*Data to examine*
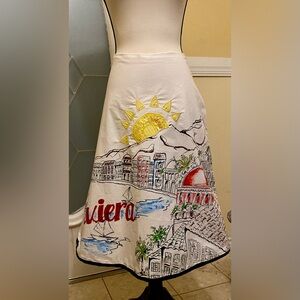 BASIL & MAUDE Embellished & Hand Painted Riviera Skirt; Size 14; EUC.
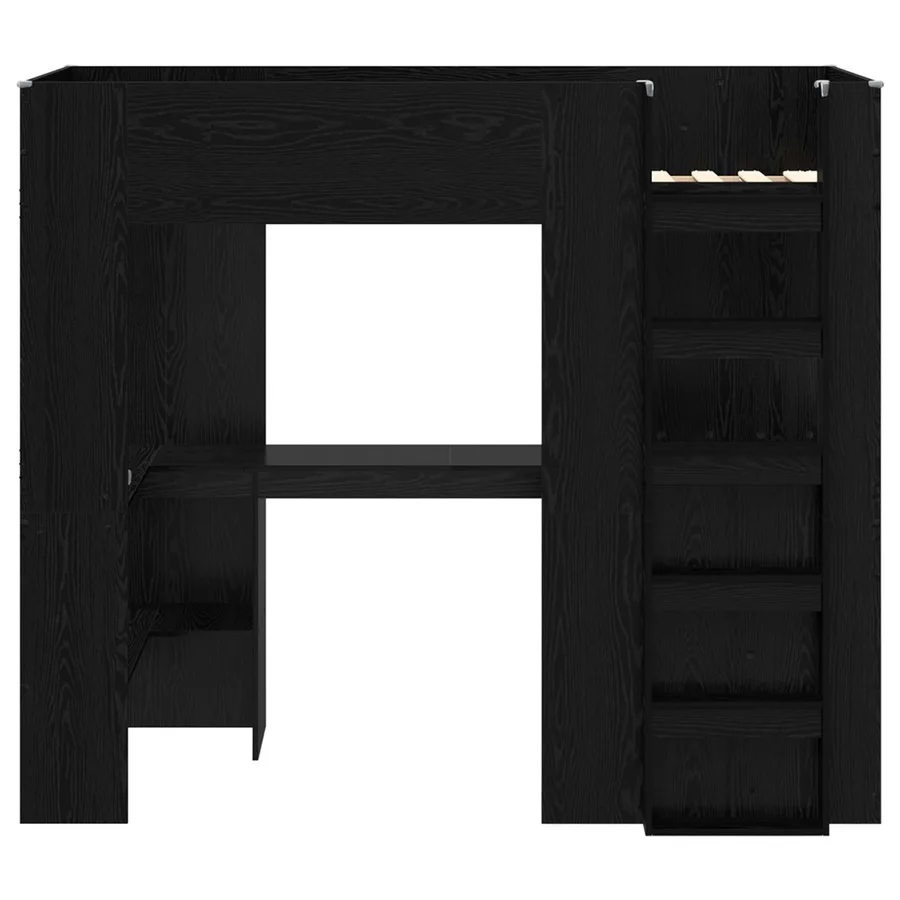 Cadre de lit superposé avec bureau Chêne noir 90 x 200 cm - 5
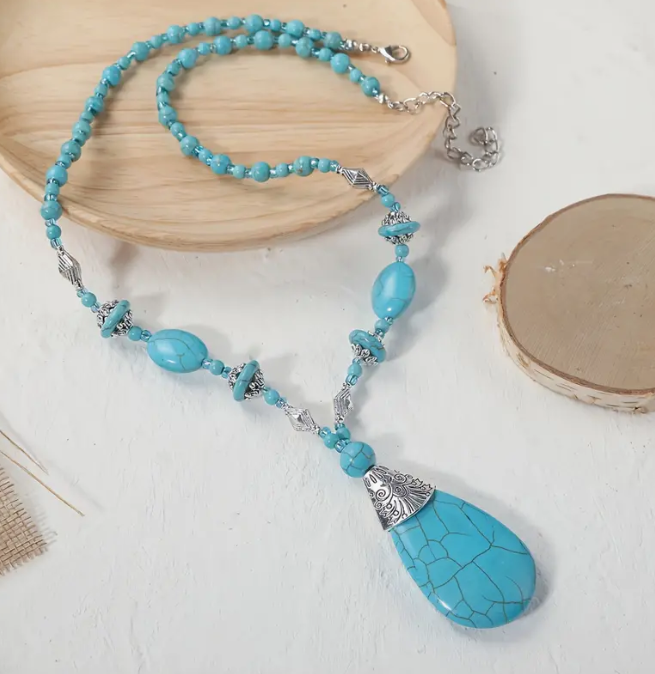 Genuine Turquoise Teardrop-shaped Pendant Necklace - Handcrafted, Statement Necklace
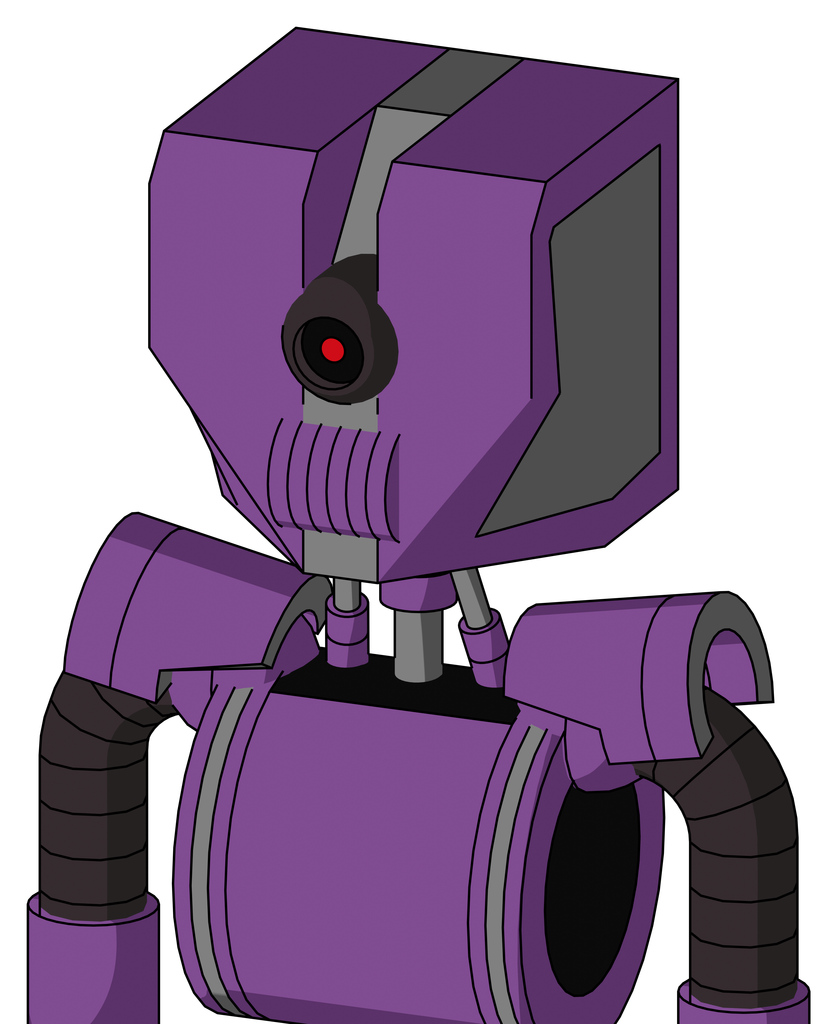 Purple Automaton With Mechanical Head And Speakers Mouth And Black Cyclops Eye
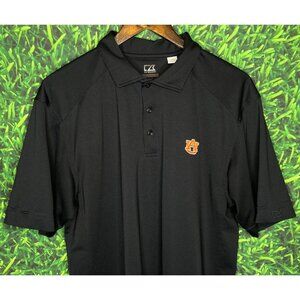 Auburn Tigers AU War Eagle Solid Navy Blue Short Sleeve Polo Shirt Mens Large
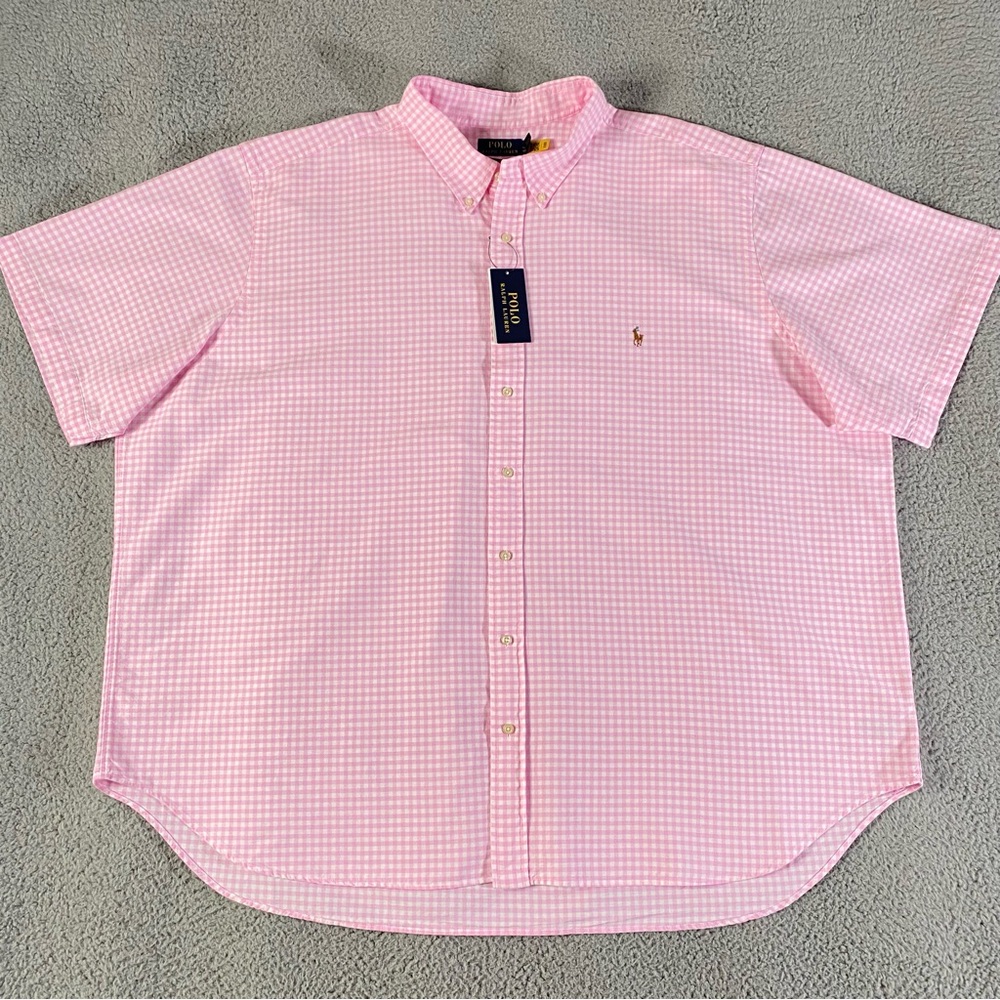 Polo Ralph Lauren Shirt Mens 4XB Big Pink White Gingham Plaid Classic Fit Oxford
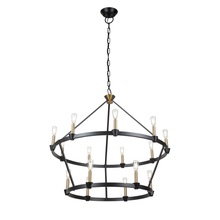 Artcraft Canada AC11985BB - Notting Hill Collection 15-Light Chandelier Black and Brushed Brass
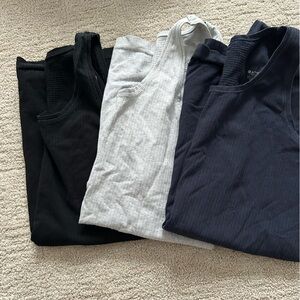 Set of 3 Ribbed Athleta tank tops, black, grey & navy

*Exercise requirements*
Each record above should be retyped exactly, with no pictures carried over.

*Exercise result*
 BASIL & MAUDE Embellished & Hand Painted Riviera Skirt; Size 14; EUC.
 Cadre de lit superposé avec bureau Chêne noir 90 x 200 cm - 5
 Genuine Turquoise Teardrop-shaped Pendant Necklace - Handcrafted, Statement Necklace
 Purple Automaton With Mechanical Head And Speakers Mouth And Black Cyclops Eye
 Auburn Tigers AU War Eagle Solid Navy Blue Short Sleeve Polo Shirt Mens Large
 Polo Ralph Lauren Shirt Mens 4XB Big Pink White Gingham Plaid Classic Fit Oxford
 Artcraft Canada AC11985BB - Notting Hill Collection 15-Light Chandelier Black and Brushed Brass
 Set of 3 Ribbed Athleta tank tops, black, grey & navy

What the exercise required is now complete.